▶ [Exercise brief]:
Pictures are to be dropped, and only the lines from the one containing "2007 Honda Odyssey" through the end of the data below are to be reproduced as written.

▶ [Input material]:
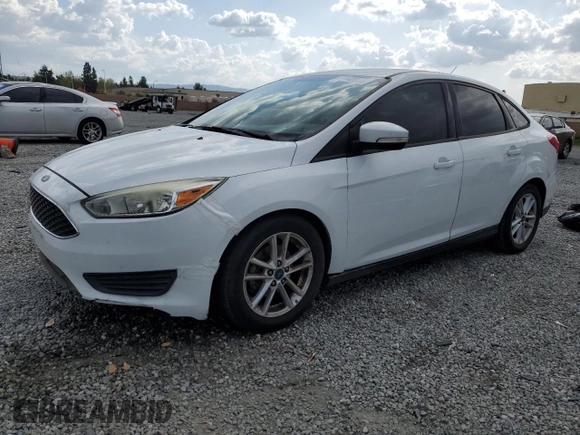 2016 Ford Focus SE with VIN 1FADP3F21GL284681, listed as a Copart auction lot 51140975 with 141,704 mi miles and Salvage Title. Bid and sale history available at DreamBid. Image 1.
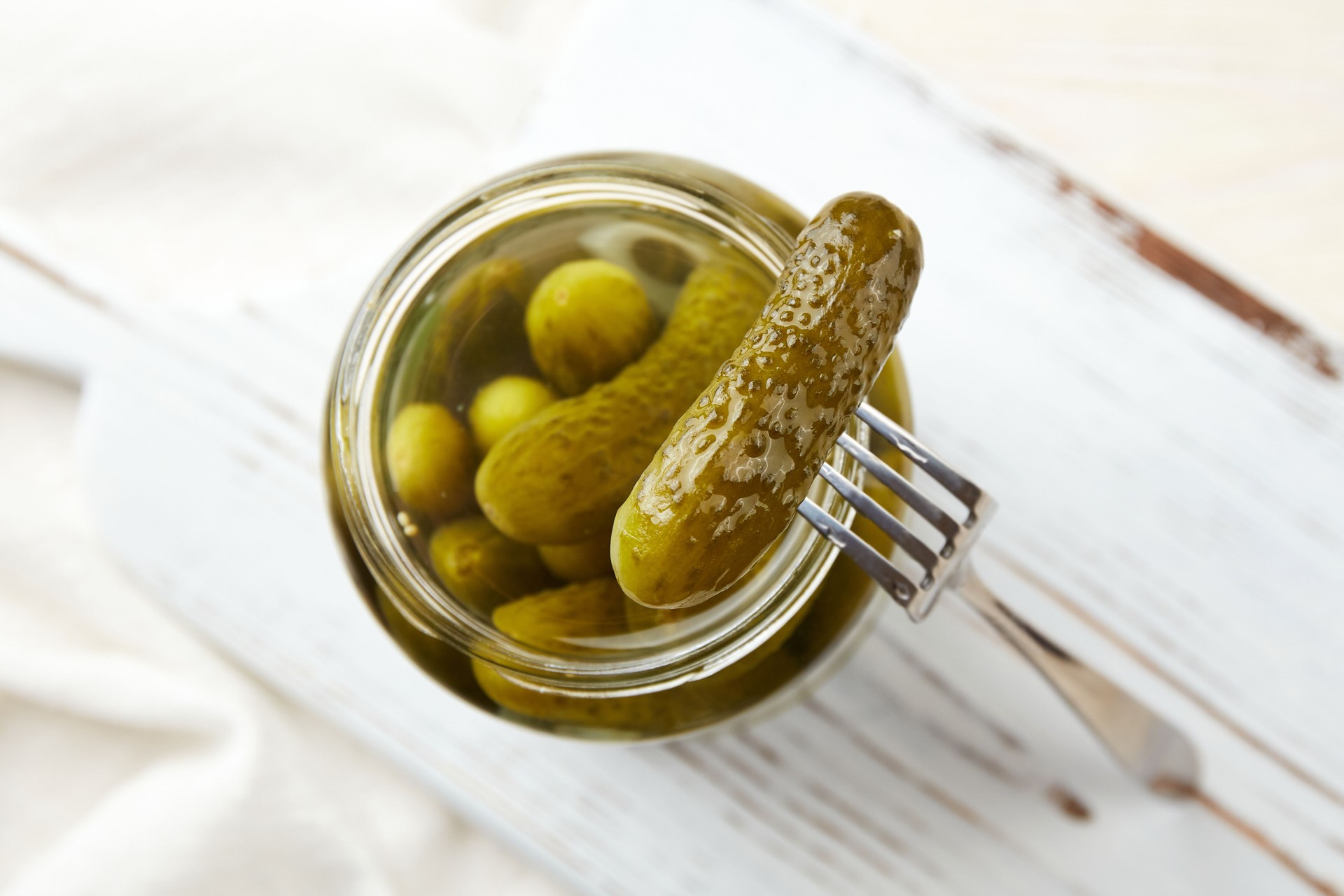 Marinated cucumbers in a jar on a light wooden background.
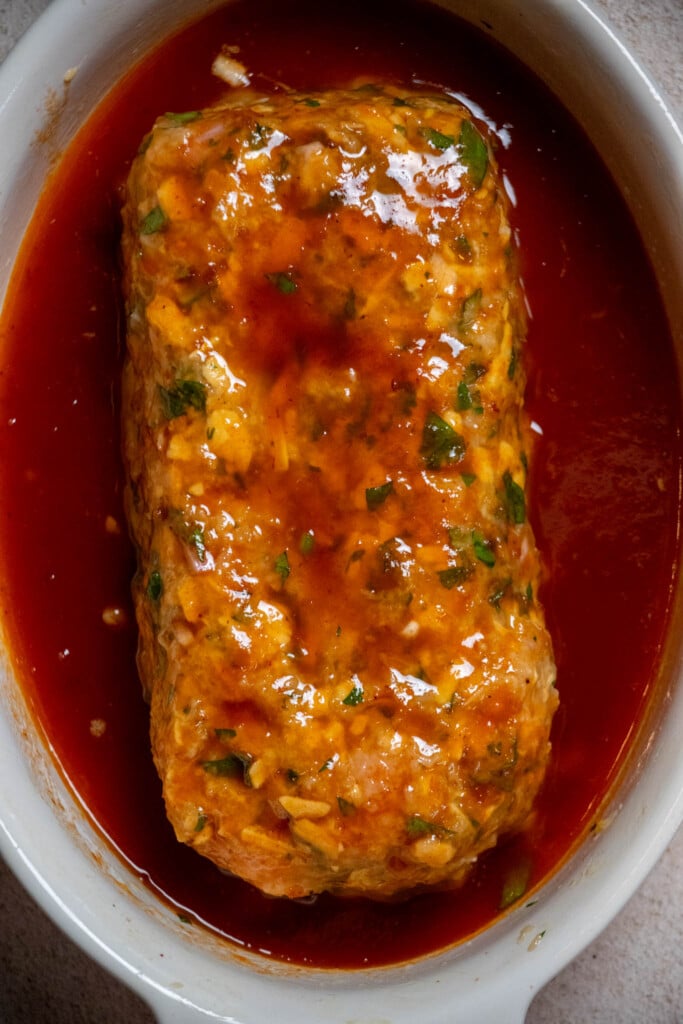 pour the glaze over the meatloaf, and use a basting brush to evenly coat the loaf with the excess from the sides of the pan so it's well coated. 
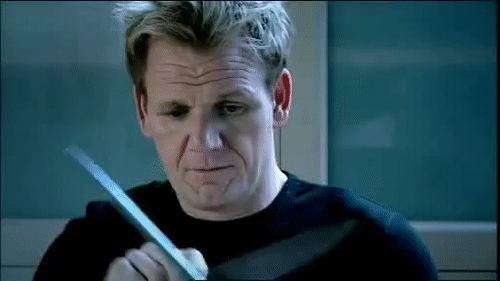 man sharpening knives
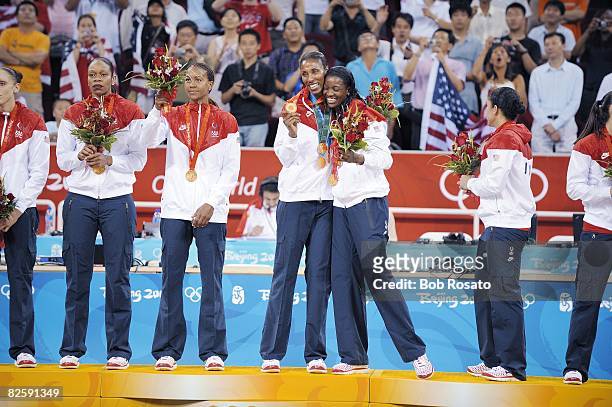Summer Olympics: USA Lisa Leslie and DeLisha Milton-Jones victorious on medal stand after winning Women's Gold Medal Game vs Australia at Olympic...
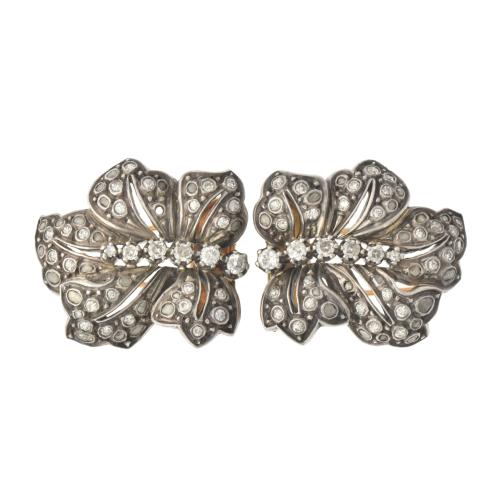 Pair of floral brooches with diamonds, circa 1920.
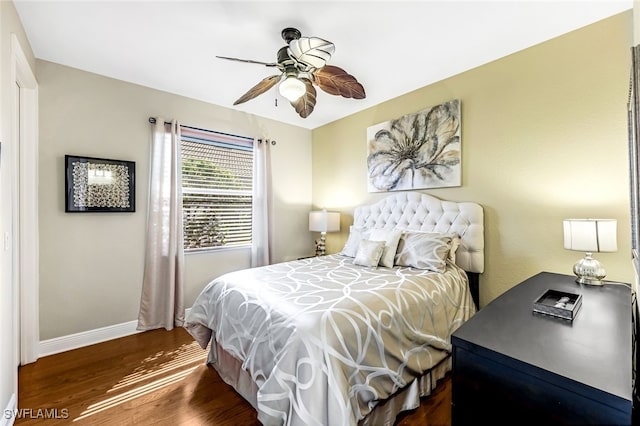 bedroom featuring ceiling fan and dark hardwood / wood-style flooring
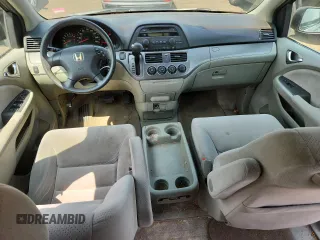 2007 Honda Odyssey LX z VIN 5FNRL38257B011710, wystawiony jako Copart lot #61163265 z przebiegiem 196 575 mil mil oraz Czysty tytuł • Clean title. Historia ofert i sprzedaży dostępna na DreamBid. Obrazek 8.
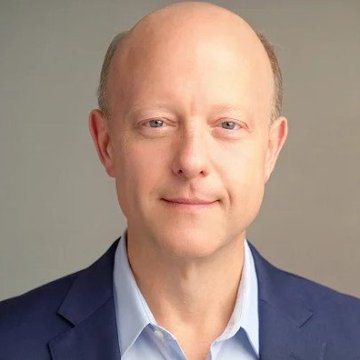 A professional headshot of a bald man in a blue suit jacket and light blue shirt smiling against a gray background.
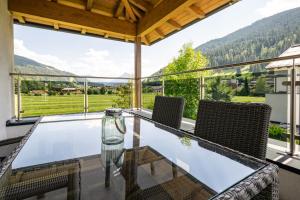 a glass table and chairs on a balcony with a view at Appartement Bergblick Eben in Eben im Pongau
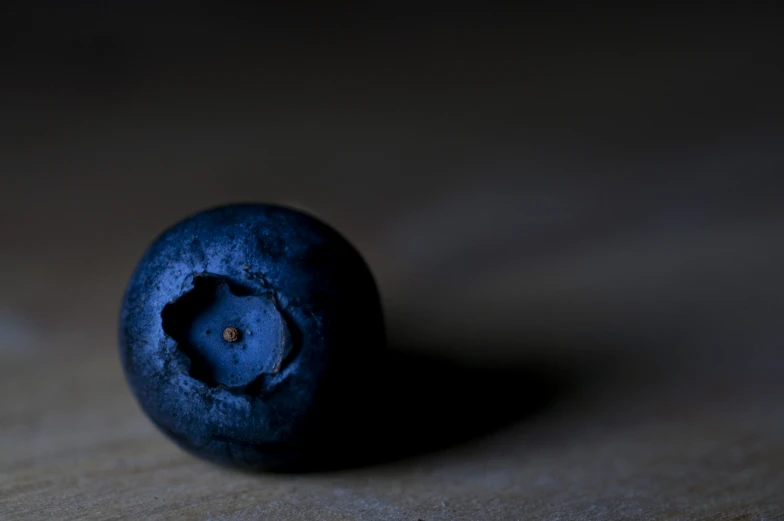 a rotten piece of blueberries sitting on top of a table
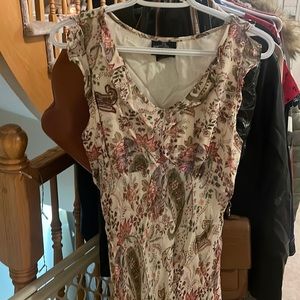 Beautiful cream and floral dress designer is Angie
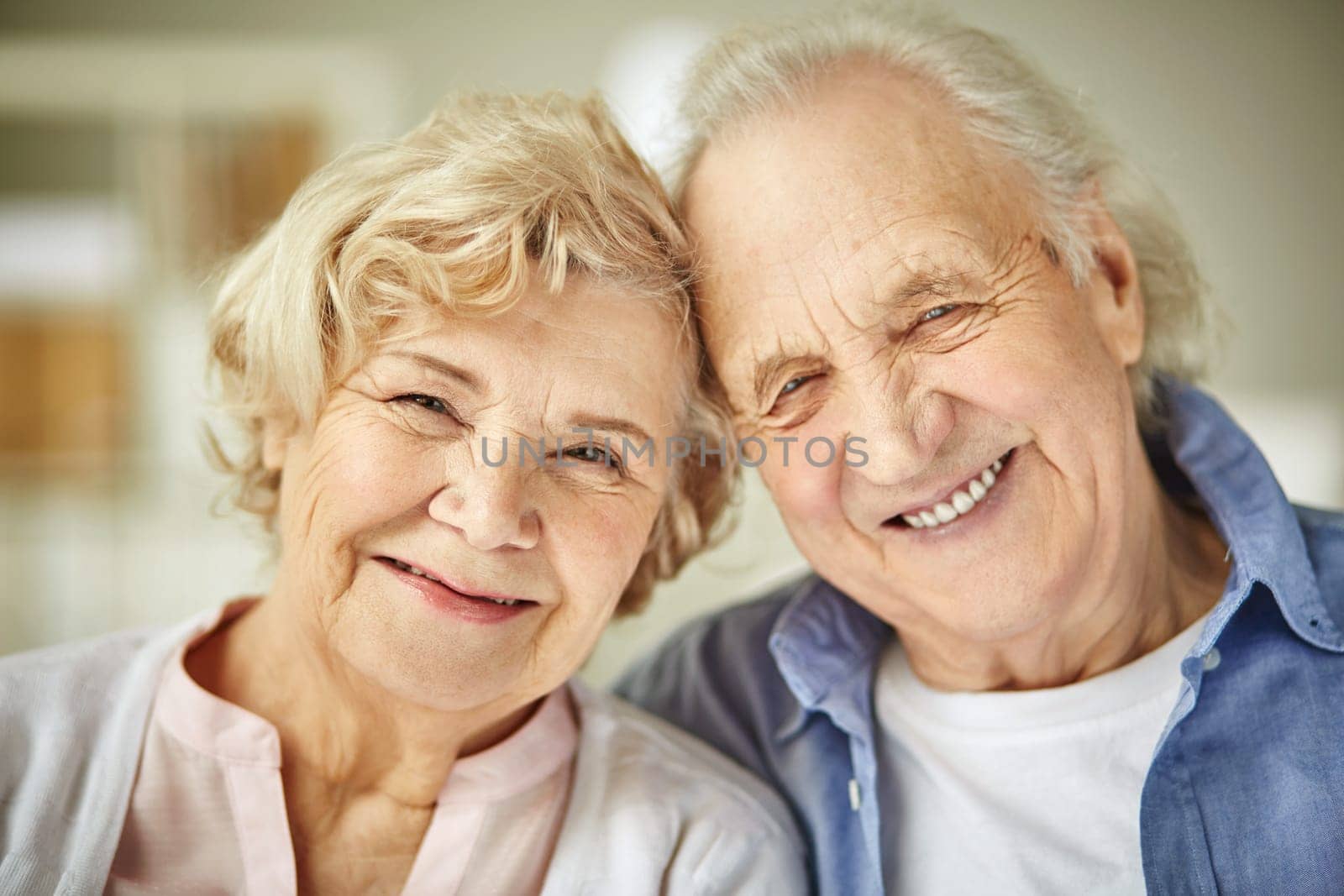 Smiley faces of affectionate senior couple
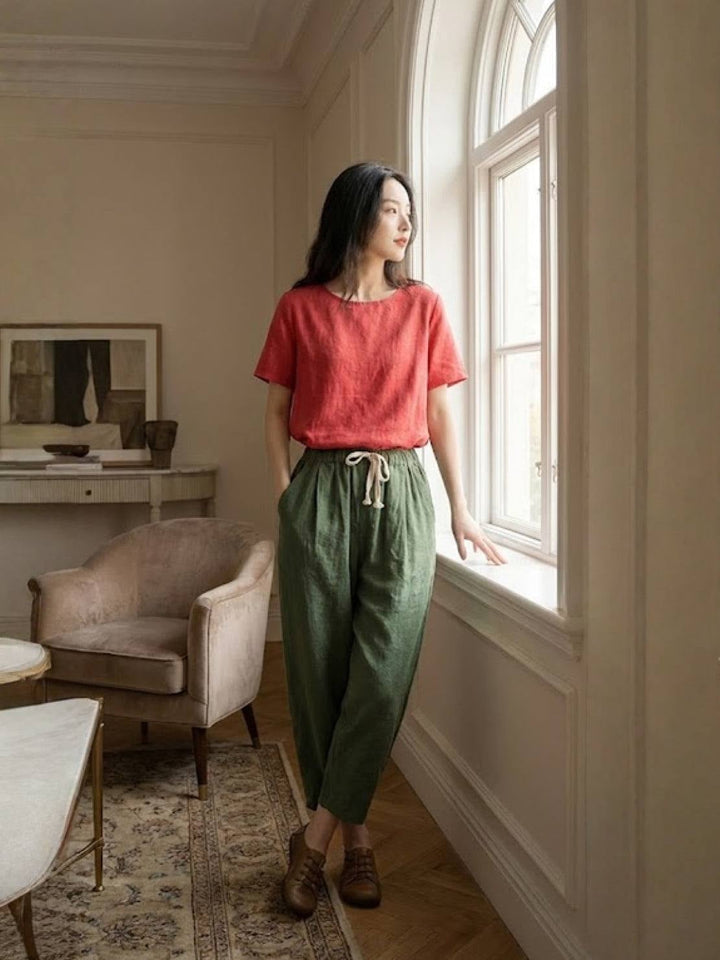 Model wearing Harper pants in apricot styled with a white tee and sandals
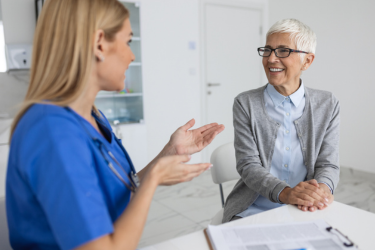 Chiropractor talking to her client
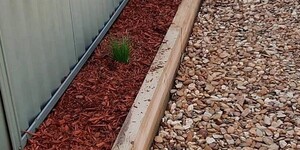 Daniel James Services Pic 4 - A retaining wall with decorative mulch and river stones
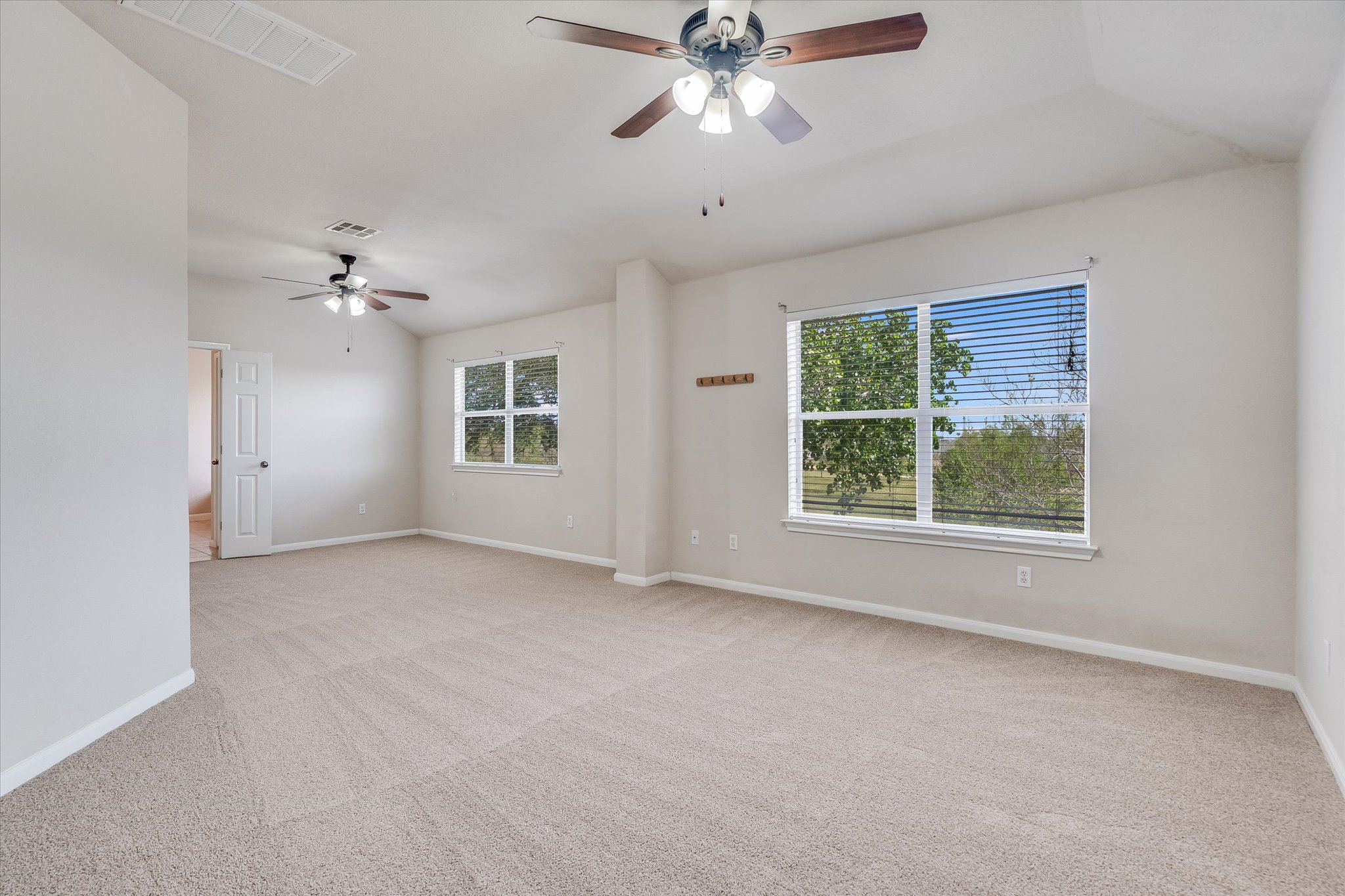 4029 Lake Edge Way Pflugerville, TX 78660 - Photo 13 of 35 a view of an empty room with a window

▶ [Written response]:
 2007 Honda Odyssey LX z VIN 5FNRL38257B011710, wystawiony jako Copart lot #61163265 z przebiegiem 196 575 mil mil oraz Czysty tytuł • Clean title. Historia ofert i sprzedaży dostępna na DreamBid. Obrazek 8.
 A professional headshot of a bald man in a blue suit jacket and light blue shirt smiling against a gray background.
 a glass table and chairs on a balcony with a view at Appartement Bergblick Eben in Eben im Pongau
 a rotten piece of blueberries sitting on top of a table
 Beautiful cream and floral dress designer is Angie
 Smiley faces of affectionate senior couple
 Model wearing Harper pants in apricot styled with a white tee and sandals
 Chiropractor talking to her client
 Daniel James Services Pic 4 - A retaining wall with decorative mulch and river stones
 4029 Lake Edge Way Pflugerville, TX 78660 - Photo 13 of 35 a view of an empty room with a window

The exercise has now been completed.